_Exercise data:_
----------------
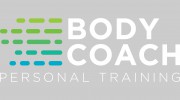 Body Coach Personal Training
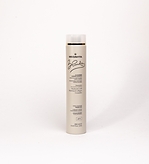 Зміцнювальний шампунь для всіх відтінків блонду Medavita 250 мл - 457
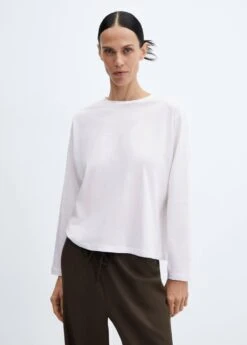 PYJAMA -Tenues Basiques 57065803 30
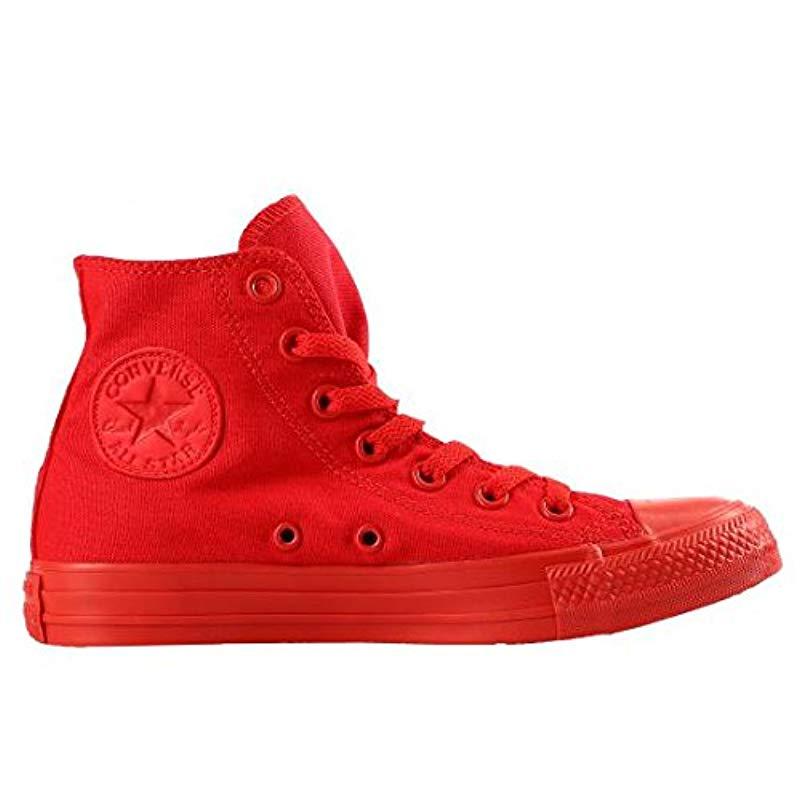 converse zzz converse zzz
----------------
_Work item:_ Please retype the listing above word for word, skipping each picture.

_Answer box:_
 Body Coach Personal Training
 Зміцнювальний шампунь для всіх відтінків блонду Medavita 250 мл - 457
 PYJAMA -Tenues Basiques 57065803 30
 converse zzz converse zzz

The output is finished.